(Stored entries)
___

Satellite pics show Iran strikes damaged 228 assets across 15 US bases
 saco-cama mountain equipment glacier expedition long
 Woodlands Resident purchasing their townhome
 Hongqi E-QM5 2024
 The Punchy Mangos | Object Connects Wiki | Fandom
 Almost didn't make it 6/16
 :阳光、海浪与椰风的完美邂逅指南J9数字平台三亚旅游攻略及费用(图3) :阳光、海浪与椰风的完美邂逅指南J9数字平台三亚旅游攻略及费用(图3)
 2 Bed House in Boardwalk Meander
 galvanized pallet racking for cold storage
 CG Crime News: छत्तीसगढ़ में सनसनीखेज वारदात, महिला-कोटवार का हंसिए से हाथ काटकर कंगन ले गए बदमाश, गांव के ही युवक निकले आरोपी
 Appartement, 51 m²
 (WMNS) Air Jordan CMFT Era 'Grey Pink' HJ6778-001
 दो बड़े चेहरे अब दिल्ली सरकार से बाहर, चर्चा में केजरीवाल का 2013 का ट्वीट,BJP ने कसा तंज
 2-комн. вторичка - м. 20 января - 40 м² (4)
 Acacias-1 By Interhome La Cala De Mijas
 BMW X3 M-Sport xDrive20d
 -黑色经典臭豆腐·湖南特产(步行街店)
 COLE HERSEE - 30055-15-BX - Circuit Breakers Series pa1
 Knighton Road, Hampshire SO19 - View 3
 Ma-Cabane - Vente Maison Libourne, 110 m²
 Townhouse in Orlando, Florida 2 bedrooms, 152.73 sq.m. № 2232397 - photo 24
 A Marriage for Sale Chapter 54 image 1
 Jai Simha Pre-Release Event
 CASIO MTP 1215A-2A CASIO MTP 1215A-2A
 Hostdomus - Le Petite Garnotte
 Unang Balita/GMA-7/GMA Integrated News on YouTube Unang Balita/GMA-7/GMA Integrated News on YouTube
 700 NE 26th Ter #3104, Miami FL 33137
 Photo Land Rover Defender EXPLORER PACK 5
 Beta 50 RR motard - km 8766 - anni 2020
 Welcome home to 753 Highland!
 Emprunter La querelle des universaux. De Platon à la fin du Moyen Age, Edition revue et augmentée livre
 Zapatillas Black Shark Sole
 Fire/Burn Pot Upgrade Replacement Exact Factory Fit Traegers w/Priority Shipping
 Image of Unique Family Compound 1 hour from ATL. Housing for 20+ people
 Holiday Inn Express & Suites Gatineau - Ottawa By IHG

___

Work request: In the records above, how many lines contain the string "News"? State that number only.

Exercise output: 2